Dans notre série d’interview réalisées lors du Web 2 Connect 2012, nous avons eu le plaisir d’interviewer François Laurent, président de l’ADETEM (Association Nationale des Professionnels du Marketing) et animateur du blog “Marketing is Dead“.
Sommaire de l'article
1 – Est-ce que tu peux te présenter ?
Je suis à la fois coprésident de la l’ADETEM ,bloggeur, auteur de quelques livres au éditions Kawa, et je fais du consulting pour apprendre aux gens comment faire du marketing 2.0.
2 – En tant qu’auteur, quel est ton avis sur la situation du secteur de l’édition ?
Je pense que globalement, les éditeurs sont en train de rééditer sur l’édition numérique ce que l’industrie phonographique a fait sur la musique, c’est-à-dire se planter.
L’édition musicale n’a défendu qu’une seule chose : ses droits, le fric des actionnaires et de 2 ou 3 % d’artistes qui gagnaient des sommes monstrueuses et qui vont à l’étranger pour ne pas payer leurs impôts.
Or la majorité des artistes n’ont rien à faire de l’édition phonographique.
L’édition de livres fait exactement la même erreur.
Par exemple, je voulais acheter récemment un livre d’un auteur italien.

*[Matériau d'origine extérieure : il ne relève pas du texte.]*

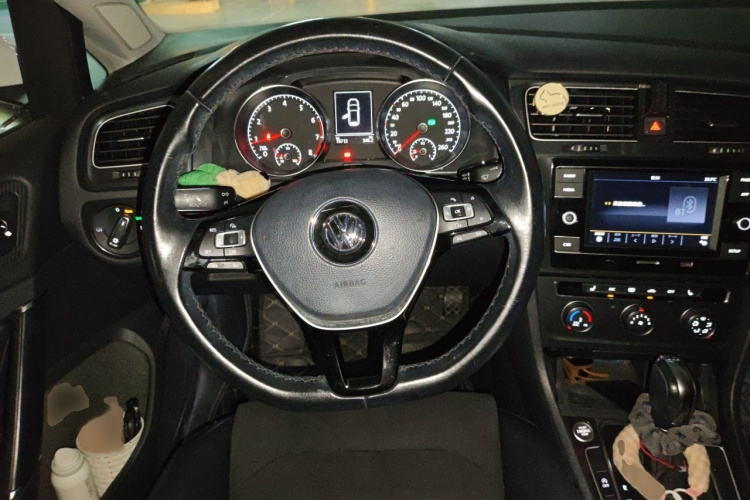 Volkswagen Golf 2018 car image #15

Il était à 14 euros en broché, 4 euros en poche, et seulement 30 % moins cher que le broché en epub c’est-à-dire le format de la tablette numérique, soit 10 euros.

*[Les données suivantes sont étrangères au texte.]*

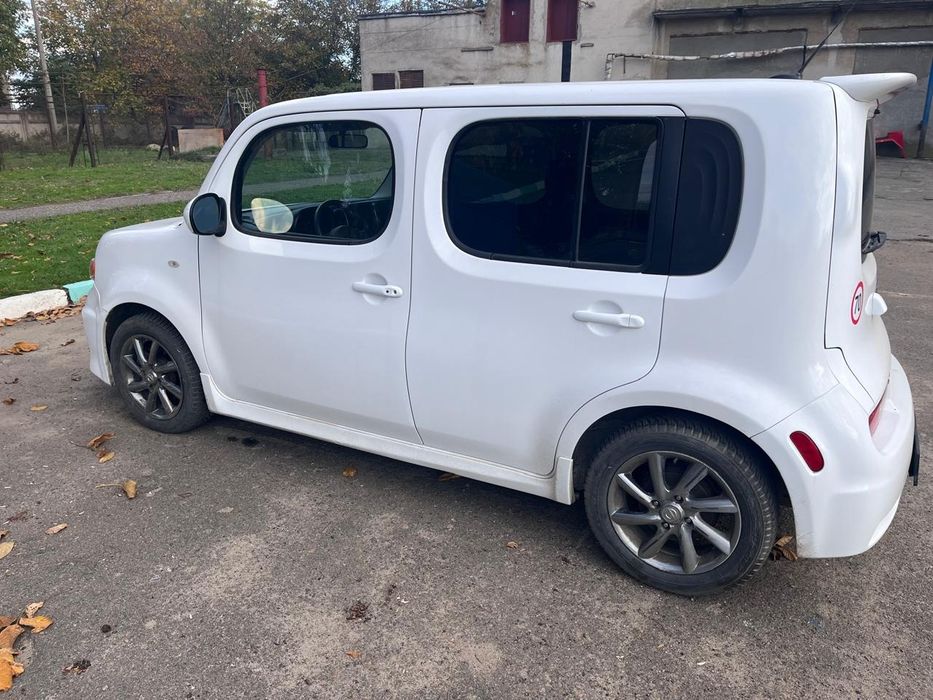 Продам Ниссан кубе nissan cube 2011року 1.8 бензин АКПП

Pourquoi payer si cher un livre qui n’a aucune matérialité, et sur lequel il n’y a aucun frais d’édition ?
Le prix de la version numérique est deux fois et demi plus cher que la version en poche, sans aucun apport (multimedia…).

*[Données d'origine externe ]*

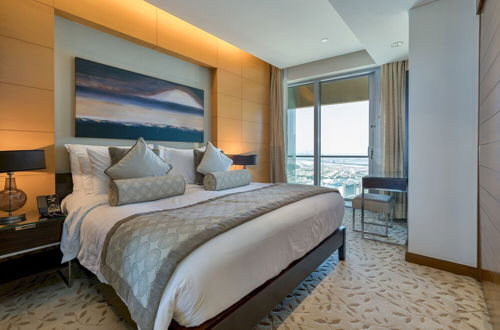 Photo 11 - Luxurious 1 Bedroom at the Address Dubai Mall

Pourquoi est-ce le cas ? Parce que les éditeurs numériques prétendent qu’il faut défendre les libraires !
C’est encore un combat d’arrière-garde.
Je pense qu’il y aura toujours de bons libraires qui existeront parce qu’il y aura toujours besoin de conseils…
Mais dans de nombreux cas, quand il s’agit d’acheter un livre que l’on connait, on n’a pas besoin d’un monsieur qui vous les donne.
Ce qui importe, c’est le contenu des livres, pas le système de distribution.
Dans l’industrie musicale, ce qui importe ce sont les gens qui font de la musique, pas ceux qui s’en mettent plein les poches pour distribuer.
Je pense que certains éditeurs sont en train de creuser leurs tombes, et qu’il y a aura une nouvelle race d’éditeurs comme les Editions Kawa (voir l’interview d’Henri Kaufman sur l’édition numérique) qui sont en train de trouver d’autres modèles.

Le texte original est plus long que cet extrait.